# Need for speed



## Tobcinio (31. Januar 2012)

Hey Leute!Wollte fragen welches spiel Von Need for Speed im moment am besten ist  Mfg Tobcinio


----------



## seppo1887 (31. Januar 2012)

Ist Sache des Geschmacks.
Ich bin ja immer noch Anhänger von Need for Speed Underground 2


----------



## Birdy84 (31. Januar 2012)

Je nachdem, ob du mehr auf Arcade oder Realismus stehst, sind Hot Pursuit oder Shift empfehlenswert.


----------



## Dr Bakterius (31. Januar 2012)

Porsche, Porsche und nochmals Porsche


----------



## Tobcinio (4. Februar 2012)

Wie ist Need for speed the run ?kann man dort autos richtig tunen und so ?


----------



## turbosnake (4. Februar 2012)

Dr Bakterius schrieb:


> Porsche, Porsche und nochmals Porsche


 
Das ist auch meine Meinung ansonsten NFS III :Hot Pursuit.


----------



## Dr Bakterius (4. Februar 2012)

Tobcinio schrieb:


> Wie ist Need for speed the run ?kann man dort autos richtig tunen und so ?



Soll nicht so prickelnd sein was man so bei den Tests liest, zum Tuning kann ich nix sagen


----------



## Lan_Party (4. Februar 2012)

Tobcinio schrieb:
			
		

> Wie ist Need for speed the run ?kann man dort autos richtig tunen und so ?

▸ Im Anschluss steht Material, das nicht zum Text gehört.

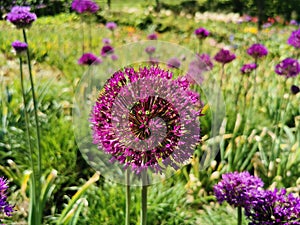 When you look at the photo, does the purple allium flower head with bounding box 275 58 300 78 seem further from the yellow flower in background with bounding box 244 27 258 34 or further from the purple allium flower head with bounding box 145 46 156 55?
the yellow flower in background with bounding box 244 27 258 34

Soweit ich weis kann man da nicht tunen.
Was ist die zu 100% empfehlen kann ist Hot Pursiut!!! Einfach nur Hammer! Grafik ist wirklich Klasse und das Gameplay Klasse!


----------



## Balthar (4. Februar 2012)

Ich finde das geilste Need for Speed war und ist immer noch NFS Underground 1


----------



## Lan_Party (4. Februar 2012)

Die besten sind U1/2, MW und Hot Pursiut! Die ersten 3 bekommt man für rund 20€. HP habe ich glaube ich für 5€ bei einem Steam Deal bekommen.


----------



## brennmeister0815 (9. Februar 2012)

Need for Speed World - Introduction


----------



## Birdy84 (9. Februar 2012)

NFS World ist ziemlich langweilig, wegen der Rennen und dem Fahrverhalten.


Tobcinio schrieb:


> Wie ist Need for speed the run ?kann man dort autos richtig tunen und so ?

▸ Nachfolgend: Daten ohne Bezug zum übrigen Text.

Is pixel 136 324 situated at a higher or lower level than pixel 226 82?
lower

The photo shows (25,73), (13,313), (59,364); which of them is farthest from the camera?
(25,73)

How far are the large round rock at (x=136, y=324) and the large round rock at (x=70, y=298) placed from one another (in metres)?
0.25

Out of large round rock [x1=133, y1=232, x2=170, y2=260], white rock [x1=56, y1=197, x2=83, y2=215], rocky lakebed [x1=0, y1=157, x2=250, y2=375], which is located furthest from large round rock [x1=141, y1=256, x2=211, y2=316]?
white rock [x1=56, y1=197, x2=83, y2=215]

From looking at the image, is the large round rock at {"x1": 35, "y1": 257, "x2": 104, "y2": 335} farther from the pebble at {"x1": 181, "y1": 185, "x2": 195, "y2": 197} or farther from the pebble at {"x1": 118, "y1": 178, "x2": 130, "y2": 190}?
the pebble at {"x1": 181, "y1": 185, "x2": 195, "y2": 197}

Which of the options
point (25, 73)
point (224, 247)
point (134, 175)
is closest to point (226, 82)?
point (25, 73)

Man kann nicht frei tunen, es gibt aber bereits getunte Wagen zum Freispielen.


----------



## amdfreak (9. Februar 2012)

Die besten Teile der Serie sind auf jeden Fall Underground 1 und 2. Geiler Soundtrack, geile Autos, geile Rennen.


----------



## Birdy84 (9. Februar 2012)

...maues Fahrverhalten.


----------



## lukas1234321 (9. Februar 2012)

Nimm auf jeden Fall Need for Speed Most Wanted! Das ist der beste Nfs Teil! Macht super Spaß und du kannst richtig gut Tunen und mcht super Spaß!


----------



## Lan_Party (10. Februar 2012)

lukas1234321 schrieb:


> Nimm auf jeden Fall Need for Speed Most Wanted! Das ist der beste Nfs Teil! Macht super Spaß und du kannst richtig gut Tunen und mcht super Spaß!


 Und macht Super Spaß! 
Wenn du billig an NFS HP kommst würde ich sofort zuschlagen! SP als auch MP einfach nur Genial!


----------



## zinki (10. Februar 2012)

Underground 2 
Shift 1 
Most Wanted

Wenn es auch von der Grafik schlechter sein darf:
NFS Brennender Asphalt (NFS 4)


----------



## NiklasRi (21. März 2012)

Underground (1) ist einfach der beste teil es gibt kaum nfs games die dem das wasser reichen können


----------



## acti0n (24. März 2012)

So ein Quatsch. Der immer noch beste Teil ist 4: High Stakes. Grafisch nicht mehr so ganz taufrisch, vom Spaß her aber immer noch mega geil.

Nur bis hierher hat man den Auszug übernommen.